Segment Open

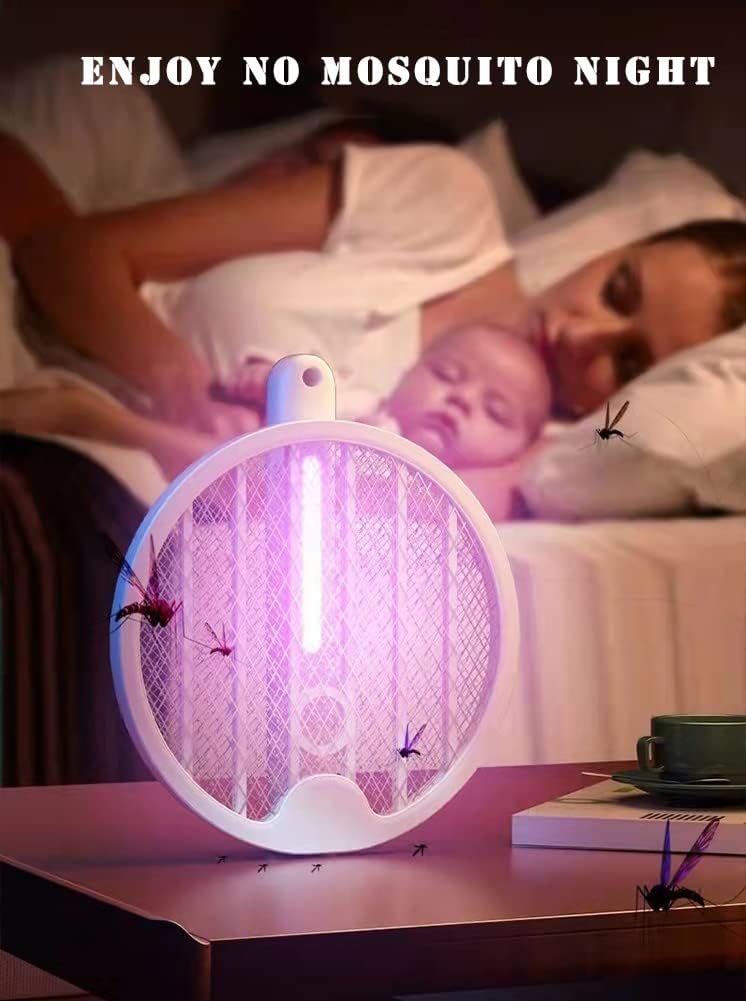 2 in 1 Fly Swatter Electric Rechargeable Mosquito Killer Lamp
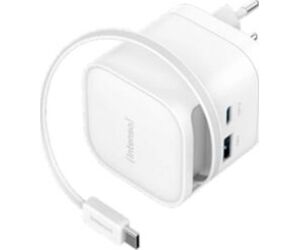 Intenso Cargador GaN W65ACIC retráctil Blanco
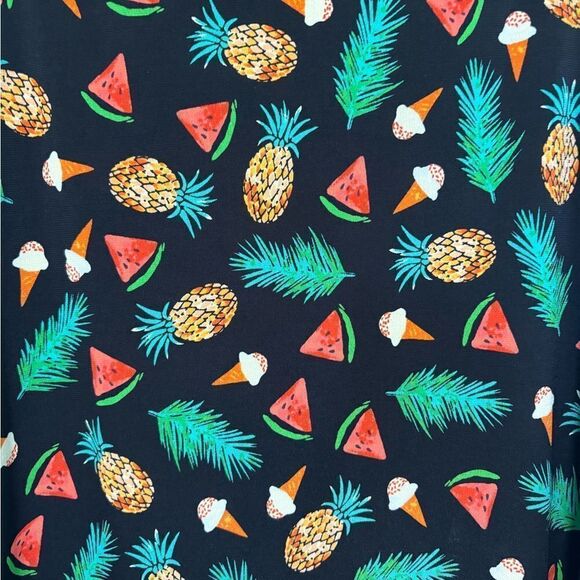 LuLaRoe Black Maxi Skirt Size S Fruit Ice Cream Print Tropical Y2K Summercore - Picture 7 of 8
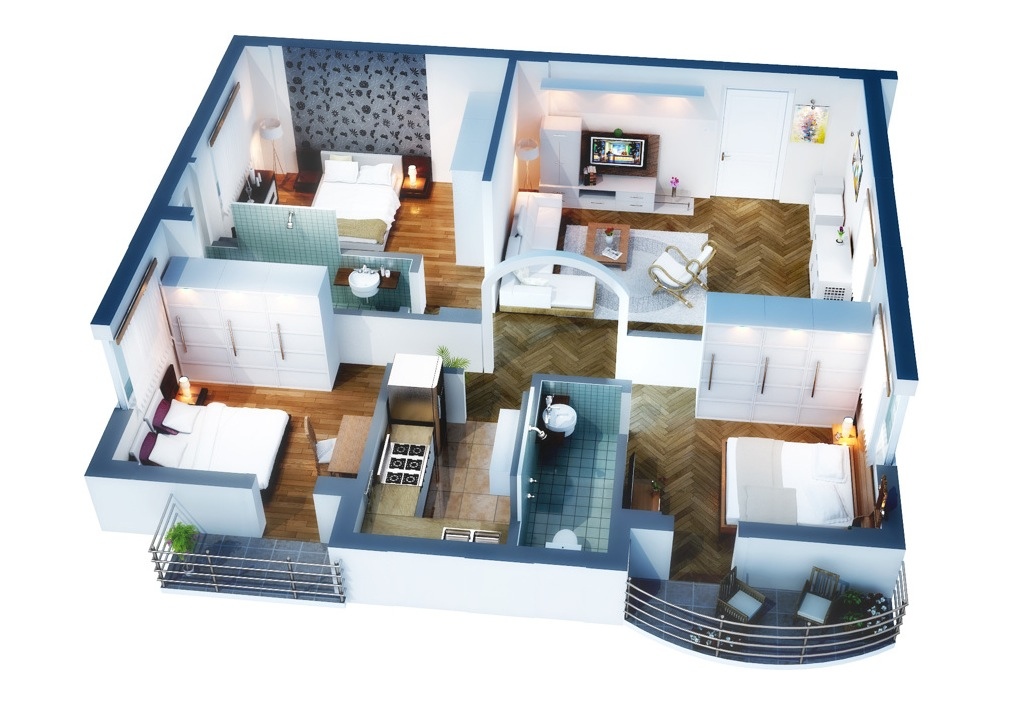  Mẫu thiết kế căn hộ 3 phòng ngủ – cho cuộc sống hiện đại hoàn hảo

Segment Closed

→ WORK REQUEST:
Repeat each line of the material exactly, and drop any image it carries.

→ RESPONSE BELOW:
 2 in 1 Fly Swatter Electric Rechargeable Mosquito Killer Lamp
 Intenso Cargador GaN W65ACIC retráctil Blanco
 LuLaRoe Black Maxi Skirt Size S Fruit Ice Cream Print Tropical Y2K Summercore - Picture 7 of 8
  Mẫu thiết kế căn hộ 3 phòng ngủ – cho cuộc sống hiện đại hoàn hảo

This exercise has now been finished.